Navigating Endings

from a seafaring perspective

Scenes from KCAI’s Printmaking studio, August 2023.

This week marked the end of my 45th semester of teaching. I’ve had a 21-year career, so far, in teaching at the college level. Except for about eight years (some of which I was too young to remember well), my entire life has been structured within the rhythm of the academic year.

The academic-year cycle where I live designates September and January as times of beginnings, and May and December as times for endings. However, as an artist who teaches other artists, I find that these demarcations of time on the calendar are not actually hard starts or stops for learning and making. Rather, the beginning and ending of a semester each signify a different moment of possibility.

If the school is the river, the student is the boat, and my curriculum is the current connecting the two.

Laura Crehuet Berman: Strata 7, Relief monoprint, 25 x 25 inches, 2017.

Funfetti! The End-of-Semester Exhibition at KCAI Printmaking, December 2023.

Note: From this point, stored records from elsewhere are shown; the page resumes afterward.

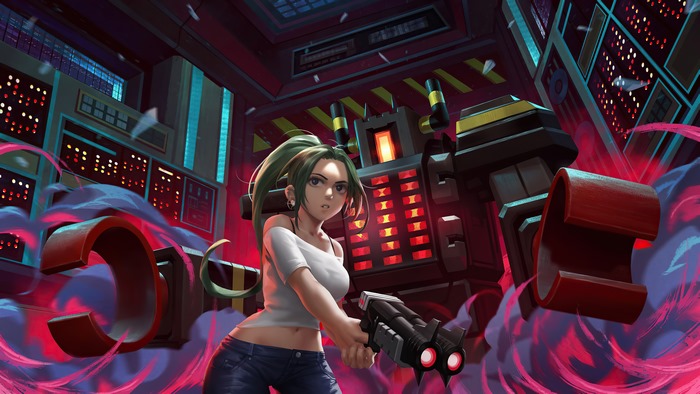 Girl with gun in a futuristic room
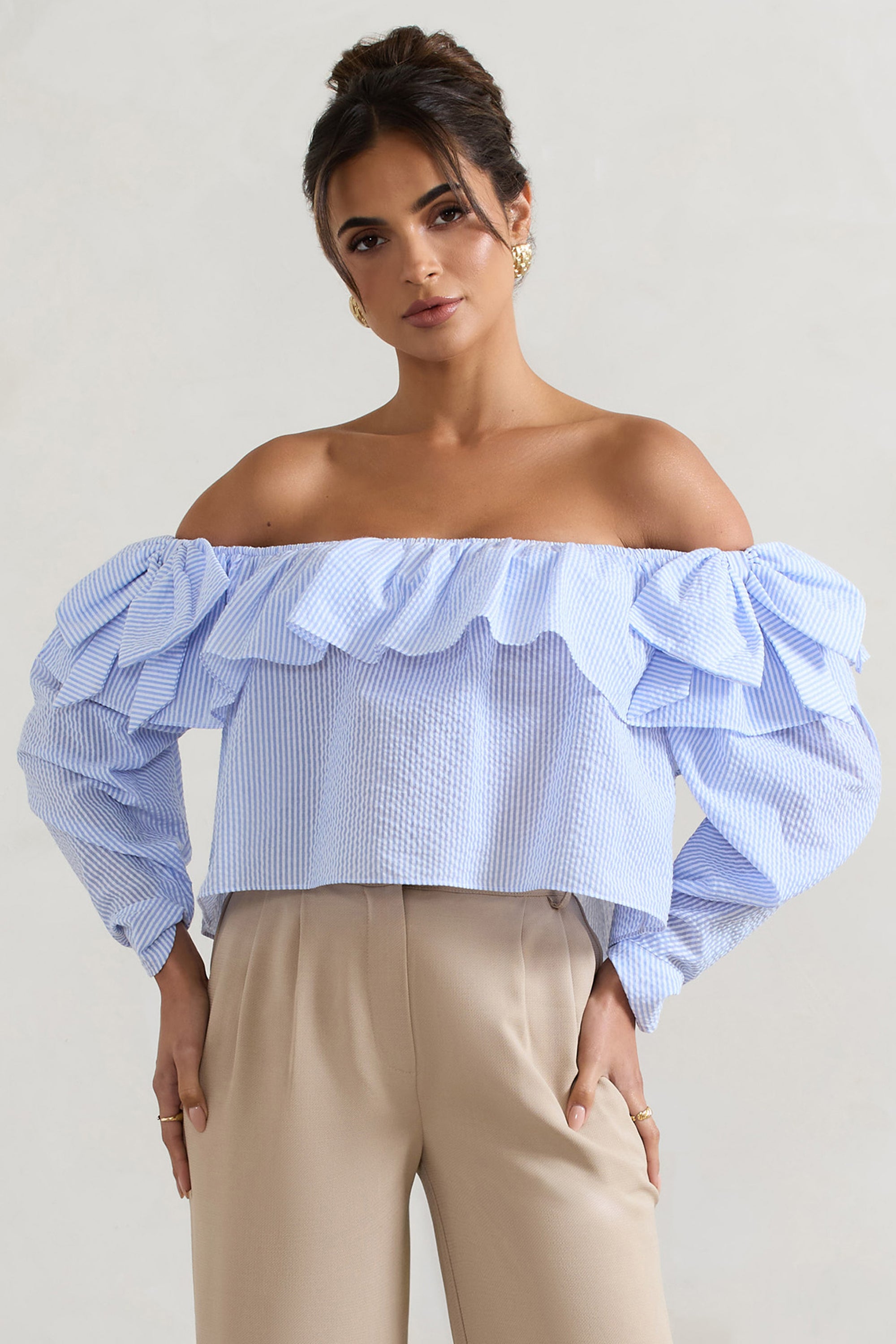 Harbour | Blue Pinstripe Bardot Puff-Sleeve Top With Bows - Club L 
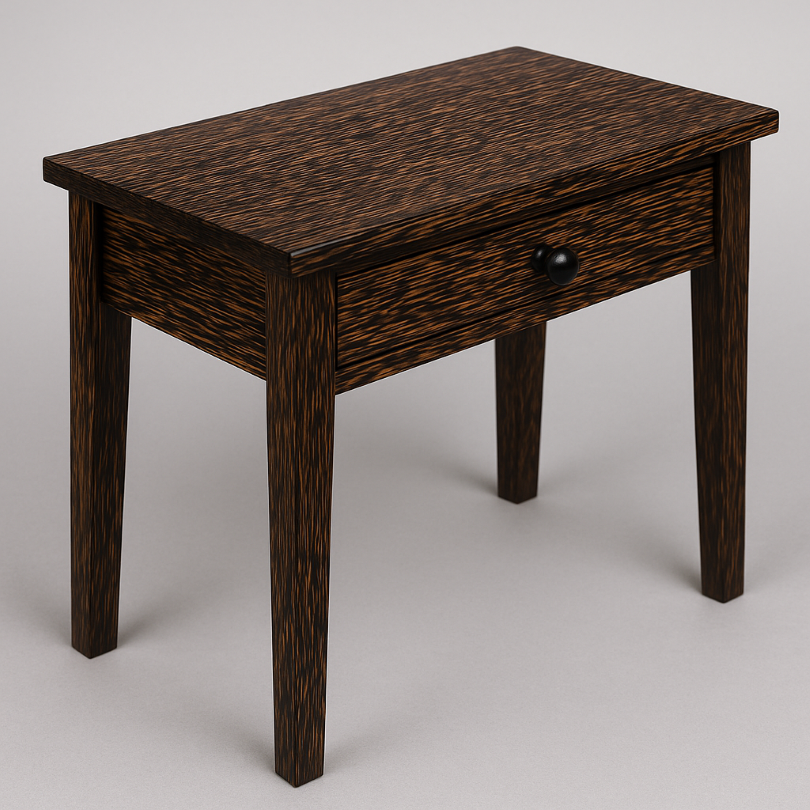 Handcrafted side table made from Black Palm wood with dark streaked grain and smooth polished finish.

I have taught a year-long senior-level course within a Bachelor of Fine Arts curriculum for over a dozen years. More than any other year at the college level, the senior year contains external concerns beyond the control of the student and faculty. Life beyond school becomes an ever-increasing consideration, and there is heightened involvement within the extended community through participation in exhibitions, applications for opportunities, hands-on internships, and professional goals-oriented work outside the classroom.

These external matters evolve into essential guides to the educational experience as well. If the school is the river, the student is the boat, and my curriculum is the current that connects and guides these. Everything else is either inside or alongside this shared stream of experience.

Along the way, some things help buoy the boat, others can impede its path, distractions appear from the sidelines of the river banks, and some things may speed, slow, or even change the boat’s direction entirely.

This fall I have guided another group of amazing young artists to find, build, and maintain the tools they need to steer their own creative ships. As the semester comes to a close, I am reminded that this is not an ending point. The boats, the river, and the current itself are always there. Those involved in teaching and learning, especially in inventive fields, know that any of our current locations–no matter how traditionally they are regarded as endings or beginnings–are inherently good places to push off from in order to navigate the next adventure.

My students and I (relieved, tired & happy) on our last day of class this fall.